In Dayton, the bloodshed was likely limited by the swift police response. Officers patrolling the area took just 30 seconds to stop the shooting, which unfolded around 1 a.m. on the streets of the downtown Oregon District, Mayor Nan Whaley said.

Video released by police shows 24-year-old Connor Betts being shot down by officers, just steps away from entering a bar filled with hiding patrons.

Had police not responded so quickly, “hundreds of people in the Oregon District could be dead today,” Whaley said.

Betts’ 22-year-old sister, Megan Betts, was among those killed in Dayton.

Exactly what precipitated the chaos is unknown.


The guns had been legally purchased, police said, and there was nothing in Connor Betts’ adult criminal background that would have raised concerns – he’d only had traffic tickets for speeding and failure to yield.

Betts had been studying psychology at a local community college and working at a Chipotle restaurant. In an online profile, Betts reportedly described himself as “Good under pressure. Fast learner. Eager to overachieve.” But Betts also had been troubled in high school, at one point drawing up a “hit list,” and such incidents, along with his relationship with his sister, will be points of interest for the investigators.

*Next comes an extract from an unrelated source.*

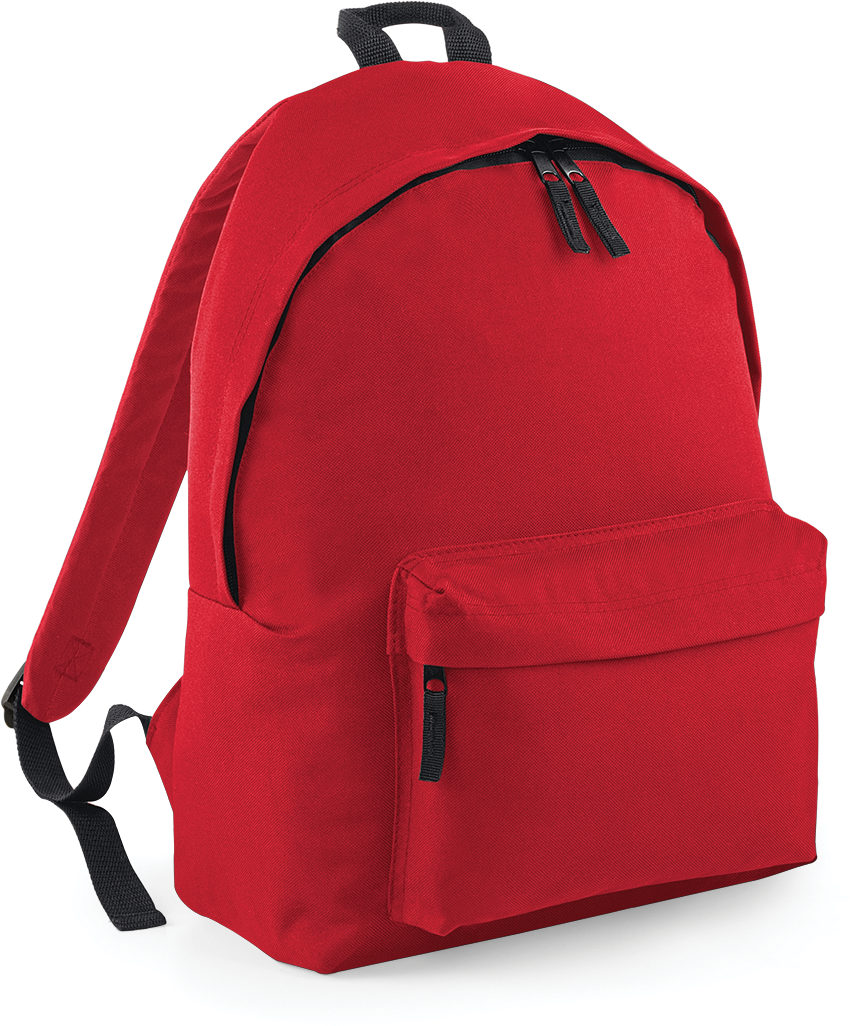 BagBase® BG125 Classic Red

Connor Betts Dayton Police Department via AP

Dayton Police Chief Richard Biehl said they are still trying to answer “the question that everyone wants to know: why?”

Authorities identified the El Paso suspect as 21-year-old Patrick Crusius from Allen, a Dallas suburb which is a nearly 10-hour drive from El Paso.

El Paso Mayor Dee Margo said he knew the shooter was not from his city.

“It’s not what we’re about,” the mayor said at a news conference with Gov. Greg Abbott and the police chief.


Law enforcement authorities have delved into the background of Crusius, who’s from the Dallas suburb of Allen, and surrendered to police, giving officials a relatively unusual chance to directly interrogate a mass shooting suspect.

Police said that Crusius has been cooperative, but they declined to go into detail about what he may have said.

“He was forthcoming with information,” said Allen. “He basically didn’t hold anything back. Particular questions were asked and he responded.”

The mood in El Paso turned from shock on Saturday to anger on Sunday as it seemed increasingly likely that a man had driven nine hours to kill people because they were Hispanic. At a news conference by immigration advocates and community leaders, immigration attorney Carlos Spector placed blame for the attack at the White House.

“What is responsible for this is the racist language of Donald Trump,” Spector said. “Since he was elected the Mexican community in the border has been in his gun sights.”

President Trump denounced both shootings, saying “hate has no place in our country.” Addressing reporters in Morristown, New Jersey, the president said Sunday that “we’re going to take care” of the problem. He said he’s been speaking to the attorney general, the FBI director and members of Congress and will make an additional statement Monday.


Trump also pointed to a mental illness problem in the U.S., calling the shooters “really very seriously mentally ill.”

Democratic presidential candidate and former Texas congressman Beto O’Rourke, who is from El Paso and was at a candidate forum Saturday in Las Vegas, appeared shaken after receiving news of the shooting in his hometown.

He said he heard early reports that the shooter might have had a military-style weapon, saying we need to “keep that (expletive) on the battlefield. Do not bring it into our communities.”

The shootings were the 21st and 22nd mass killings of 2019 in the U.S., according to the AP/USA Today/Northeastern University mass murder database that tracks homicides where four or more people killed – not including the offender.

Including the two latest attacks, 125 people have been killed in the 2019 shootings.

The shooting in El Paso was the deadliest mass shooting in the country since November 2017, when a gunman killed 26 people in a church in Sutherland Springs, Texas. It also came a little more than a year after a gunman in Santa Fe, Texas, opened fire, killing 10 people at a high school.